Every survivor carries a tier pill: VERIFIED (checked by execution or a signed receipt), GROUNDED (anchored to cited code and evidence), or MODEL (model judgment).
5

Memory

Past reviews, dismissals, and learned rules shape what posts next time — so the system gets quieter and sharper on your repo.
This replaces any single numeric confidence score: instead of “4 out of 5,” you see why a finding is trustworthy and what kind of evidence backs it.

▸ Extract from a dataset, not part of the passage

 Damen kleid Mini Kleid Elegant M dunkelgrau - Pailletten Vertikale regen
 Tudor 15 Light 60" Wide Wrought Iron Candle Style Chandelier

One webhook, many pipelines

A single GitHub or Linear event doesn’t always deserve the full ensemble. The dispatcher routes each event to the pipeline it earns — a PR overview, a full ensemble review, CI-failure triage, issue triage, describe/improve, or an @sigilix Q&A. Cheap passes like the overview don’t wait behind the heavy ensemble, so fast feedback stays fast. See The Dispatcher.

The earned context layer

Every review deposits a reusable, verified understanding of your repo — the index, the code graph, the trust ledger, review memory, and evidence manifests. That earned context is what the Sigilix CLI and Deep-Research Chat and Triage all draw on, so each review makes the next one cheaper and more grounded.

Conversational Learnings

Disagree with a finding? Reply in plain language — @sigilix remember we use integer cents here — and Sigilix records the rule, applies it judiciously in later reviews, and attributes it inline (“applied because of a learned rule”). A “Learned something new” footer confirms capture; @sigilix forget … walks it back. See Conversational Learnings.

What Sigilix is not

  • Not a code generator. Sigilix surfaces findings with line references and suggested patches. Your team decides what to merge.
  • Not training on your code. Code is sent to model providers under their data-use commitments and discarded after the review. We don’t fine-tune on customer repositories.

What you’ll see on every PR

When Sigilix reviews a PR, you get one review from sigilix[bot] containing:
  1. A Harmonia summary — what changed, what concerns survived dedup, and whether the verdict is Approved or Request changes.
  2. Inline findings anchored to specific lines, tagged by specialist (Metis, Argus, Iris, Eunomia) and severity (Critical / Warning / Info), each carrying its proof-tier pill.
  3. Suggested patches for findings where a clean fix is in scope.
The review goes where developers already are — in the PR thread. Beyond the PR, the same engine powers the Sigilix CLI and Deep-Research Chat, with BYO models (Codex CLI, Claude Code, or your own SDK/keys).

Where to start

If you’re evaluating Sigilix, skim the believability pipeline to understand the depth claim, then install on a single repo to see it review a real PR. If you’re already installed and need to tune behavior, head to Configuration.